Even though South Africa’s tax legislation is already amongst the most sophisticated in the world, National Treasury is clearly not yet satisfied – perhaps correctly so – that we have installed all the critical hallmarks of a modern Western economy.
Perhaps two of the more prominent (as yet unfulfilled) objectives are the introduction of group taxation and the abolition of exchange control. Whilst it seems unlikely that these measures will be introduced this Wednesday, the 2008 Budget Speech must be seen in the context of setting the scene for these eventualities.
Group taxation refers to the idea that all the companies in a ‘group’ should be taxed essentially as a single consolidated taxpayer. At present, all companies in South Africa are taxed as separate stand-alone taxpayers, which means that losses in one company cannot be used to offset the taxable profits in another company. Certainly, from a commercial perspective, investors, consumers, executives, and the average lay-person, all see a group of companies as a single entity and do not make much distinction between the separate companies within the group. In most modern tax jurisdictions, this concept is also reflected in the tax law even though the actual mechanism differs from country to country. In some regimes for example, the entire group is ‘consolidated’ to the extent that one single tax return is submitted for the entire group, whereas in other locations each company retains its separate identity but is permitted to ‘surrender’ its losses to other profitable companies in the same group.
That South Africa is moving in the direction of group taxation now seems to be accepted by most. It follows that many of the year-to-year changes must be seen as setting the scene for group taxation. The 2007 amendments, for example, saw the introduction of more restrictive definition of “group of companies” in a number of critical contexts which not only tempers the existing corporate re-organisation rules (as they are sometimes called) but also encourages South African groups to restructure into a ‘tighter’ more tax-neutral formation. The new “group” definition envisages a group comprised entirely of SA-resident fully tax-paying companies that, it must be said, would be ideally suited to tax consolidation. Admittedly, the first attempt at redefining the new ‘proudly South African’ group ended up excluding fully tax-resident companies that might simply have a foreign incorporation.
Similarly, the abolition of exchange controls is also commonly seen as a matter of ‘when’ rather than ‘if’. So again, many of Wednesday’s announcements must be seen as preparing the way for an economy without exchange controls. A great bug-bear from the 2007 Budget is the (not yet applicable) new section 23I of the Income tax Act which seeks to regulate the tax deductibility of payments of royalties from South Africa. Interestingly, the regulation of royalty outflows has traditionally been the job of the SA Reserve Bank.
However, as with the new section 23I –set to be come law in 2009– the devil will be in the detail. Taxpayers would generally be only too happy to say goodbye to exchange control and to welcome group taxation, but National Treasury must focus on plugging the leaks that might be caused by these changes.
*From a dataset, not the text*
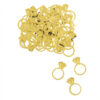 FOIL CONFETTI LARGE DIAMOND RING GOLD 14.1G - Image 2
The unfortunate reality is that Mr Manuel and his team have a reputation for erring on the side of caution to an extreme that often results in unintended outcomes. So we should be expecting a 2008 Budget that continues to advance the ‘big picture’ of a less-regulated system that better reflects the modern reality of doing business in the global village. But many of us will be contemplating the short-term fall-out from the detailed rules designed to shepherd the transition.